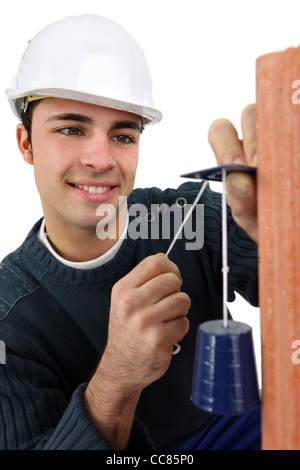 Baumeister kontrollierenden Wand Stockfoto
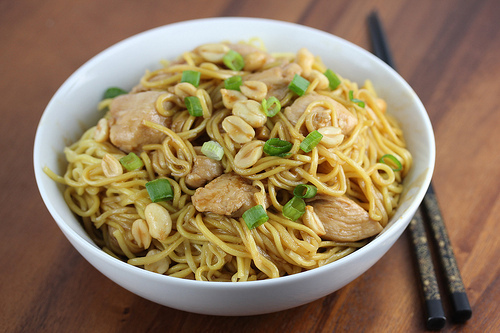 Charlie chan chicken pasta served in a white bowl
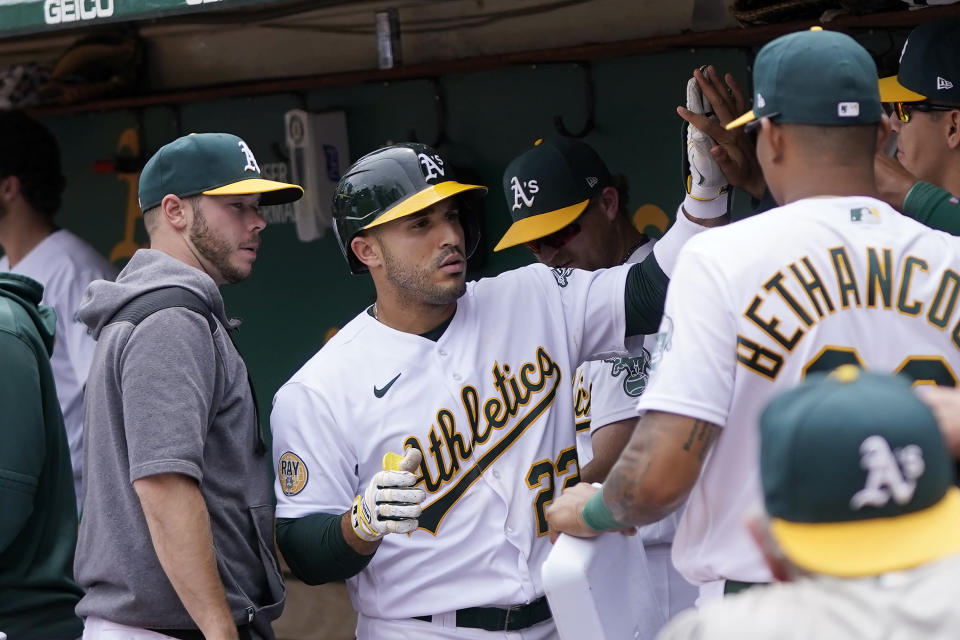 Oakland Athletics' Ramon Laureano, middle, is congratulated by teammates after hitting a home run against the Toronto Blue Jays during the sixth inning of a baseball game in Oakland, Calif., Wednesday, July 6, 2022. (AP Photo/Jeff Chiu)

● ● ● ● ●

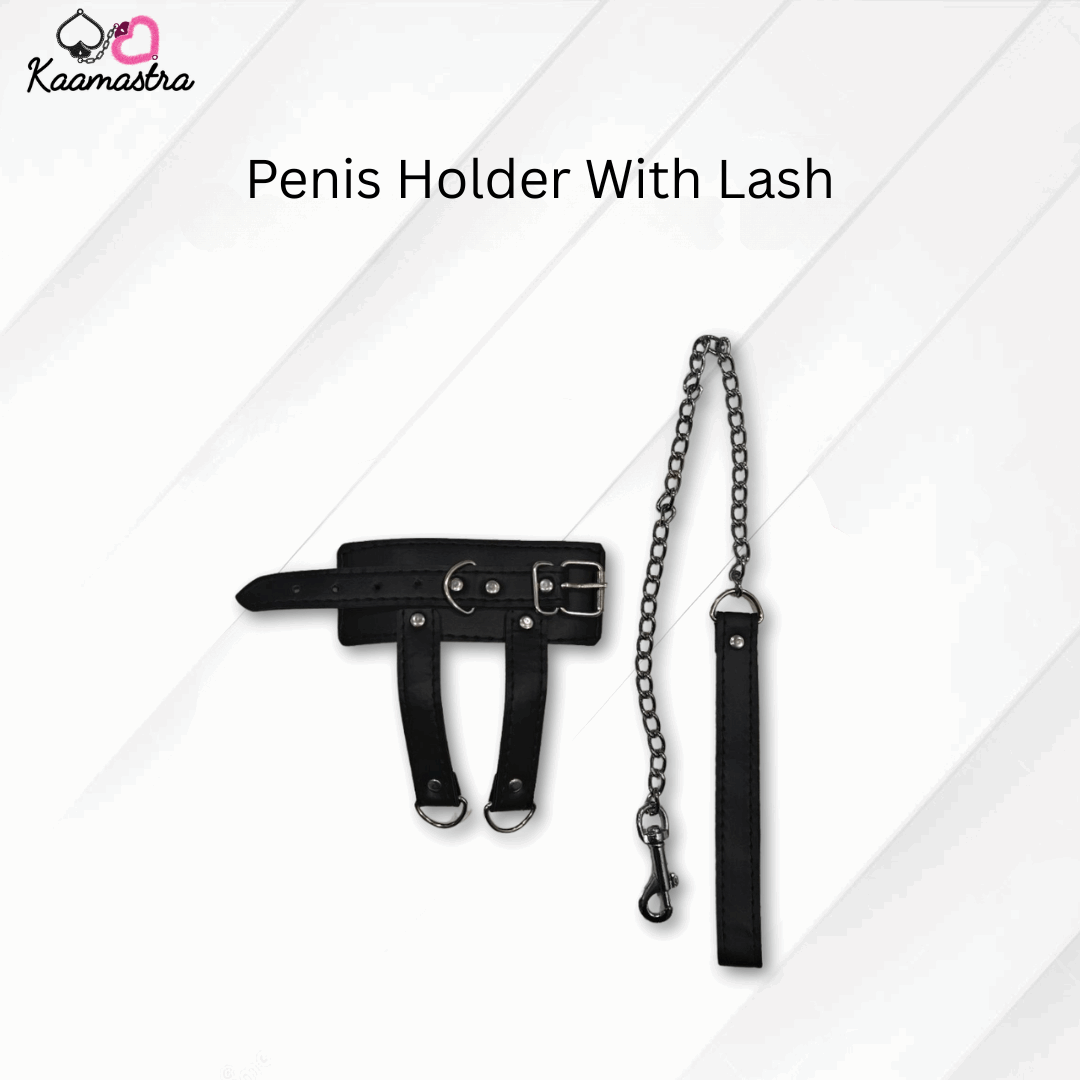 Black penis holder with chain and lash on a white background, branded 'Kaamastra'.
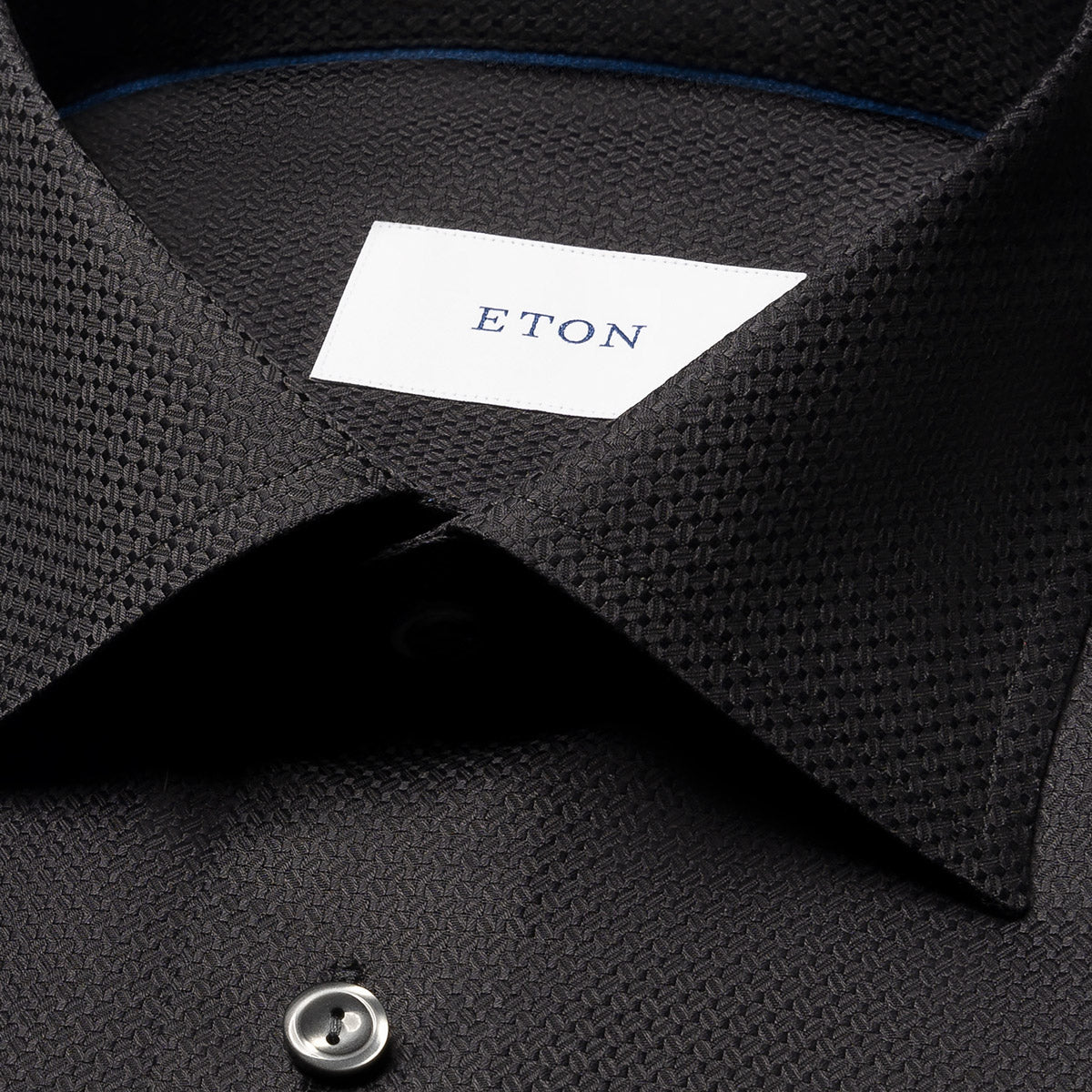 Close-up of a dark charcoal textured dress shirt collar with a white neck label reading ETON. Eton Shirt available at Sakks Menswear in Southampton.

● ● ● ● ●

**Task brief**
From the records above, copy only the lines running from the line holding "Baumeister kontrollierenden Wand Stockfoto" through the line holding "Oakland Athletics' Ramon", with no pictures.

**Output for this exercise**
 Baumeister kontrollierenden Wand Stockfoto
 Charlie chan chicken pasta served in a white bowl
 Oakland Athletics' Ramon Laureano, middle, is congratulated by teammates after hitting a home run against the Toronto Blue Jays during the sixth inning of a baseball game in Oakland, Calif., Wednesday, July 6, 2022. (AP Photo/Jeff Chiu)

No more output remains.